EIFF Review: Walk With Angels


Jerry walking the streets

Children routinely go missing in South Africa. About one every five hours on average according to official statistics, but the true picture is likely to be much worse. This can be for many reasons. They may have run away from home, fleeing violence or something worse, or been kicked out for one reason or another. Abductions are also common, for child trafficking or prostitution. The very young are sometimes taken to be sacrificed in ritualistic murders. Their purity used by witch doctors for added ‘potency’.

Jerry is a former child soldier for the military arm of the ANC who, after an accident, decided to dedicate his life to finding these ‘lost’ boy and girls. He’s on a mission. To locate a baby who was taken from Soweto. Like many others, it was stolen from the poverty riddled neighbourhood of Kliptown. Walk with Angels, the new film from Tomasz Wysokinski, follows him as he takes to the streets driven, by his quest to reunite mother and daughter.

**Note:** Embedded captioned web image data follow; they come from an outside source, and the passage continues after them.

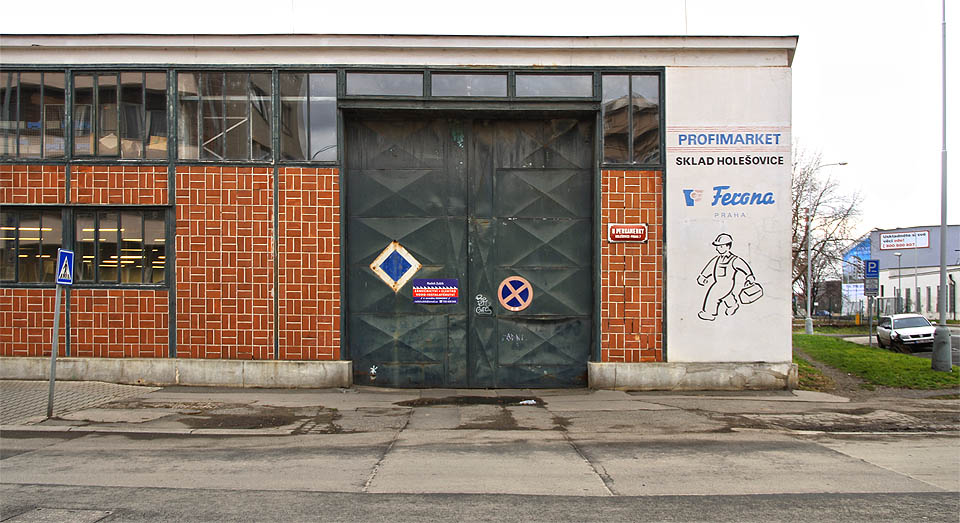 Z koleje <a href=/Tema/Vle%C4%8Dka%20Hole%C5%A1ovick%C3%A1%20p%C5%99%C3%ADstavn%C3%AD%20dr%C3%A1ha%20-%20Ferona>vlečky do Ferony</a> už nezbylo prakticky nic. Na plechových vratech je ale stále vidět modrý čtverec návěsti posun zakázán.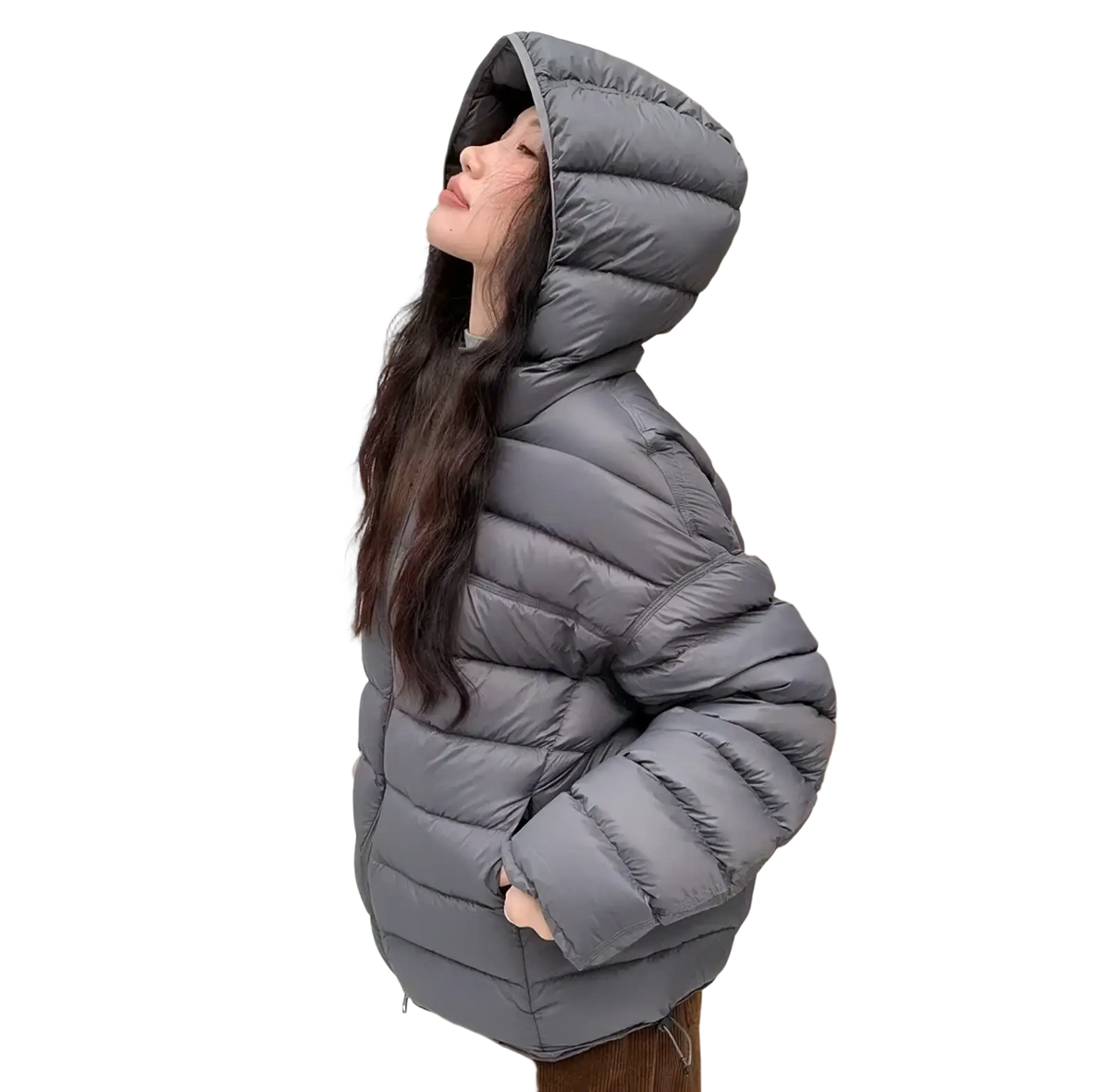 A gray quilted hooded puffer jacket for women designed as a warm winter coat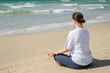 © Юлия Завалишина - Yoga calm mindfulness meditation. Young healthy woman practicing yoga on beach. Woman sitting in lotus pose meditating relaxing connection with nature by the sea. Girl doing breathing practice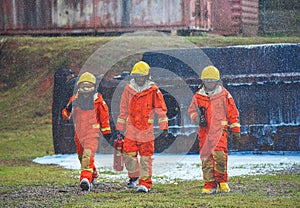 Three firefighters in uniform walking forward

Walk with Angels is a powerful and disturbing film which takes the viewer into the heart of darkness left by the legacy of the Apartheid regime. South Africa is a relatively affluent country and yet the level of poverty and lawlessness is frightening. As Jerry scours the locality, danger lurks round every corner. Hiding in the shadows or in clear and present sight. Walk with Angels as a sobering and potent piece of documentary filmmaking.

Walk With Angels screens at Edinburgh International Film Festival.